__ACTIVITY__
Copy out all of the lines below exactly; the pictures do not belong in the copy.

__RAW DATA__
◇ ◇ ◇
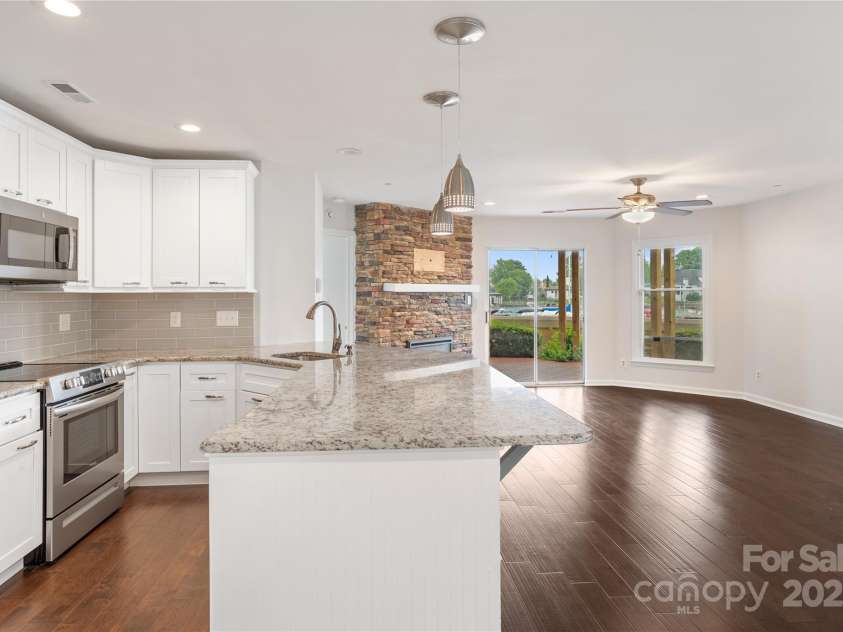 18647 Vineyard Point Lane, Cornelius, NC 28031.  MLS# CAR4294074, YatesRealty ID 34373. 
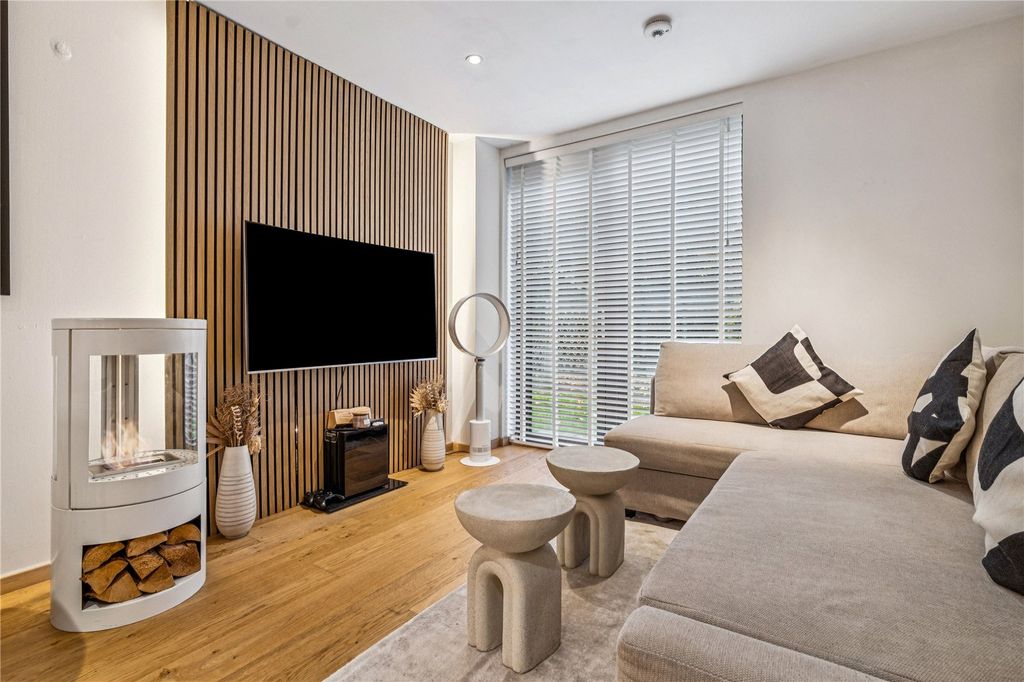 Property photo 2 of 10 Picture No. 06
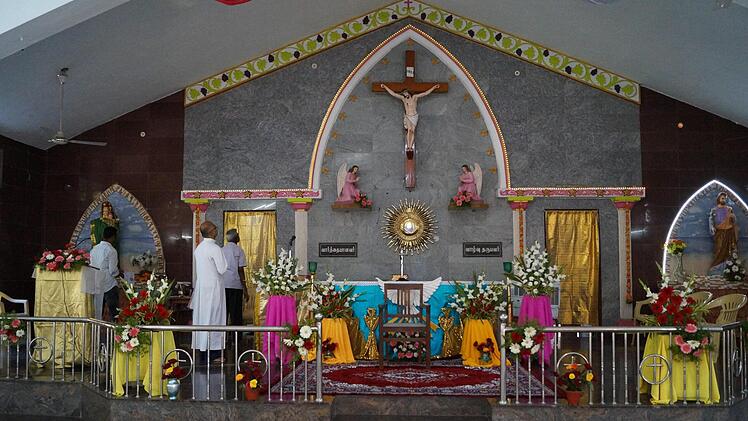 Farbenfroh ist der Altarraum in  Pfarrer Gabriel Gnanathiraviams Kirche.  Foto: Gabriel Gnanathiraviam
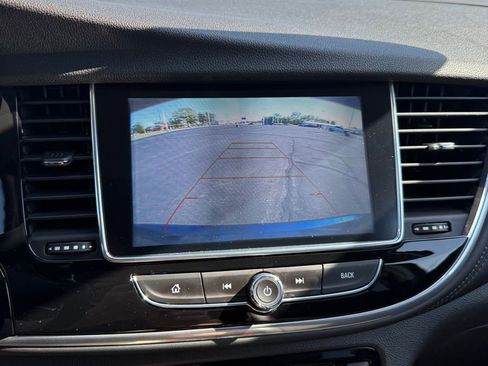 Used 2019 Buick Encore Preferred AWD/4WD image 17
◇ ◇ ◇
__ANSWER FOR THE TASK__
 18647 Vineyard Point Lane, Cornelius, NC 28031.  MLS# CAR4294074, YatesRealty ID 34373. 
 Property photo 2 of 10 Picture No. 06
 Farbenfroh ist der Altarraum in  Pfarrer Gabriel Gnanathiraviams Kirche.  Foto: Gabriel Gnanathiraviam
 Used 2019 Buick Encore Preferred AWD/4WD image 17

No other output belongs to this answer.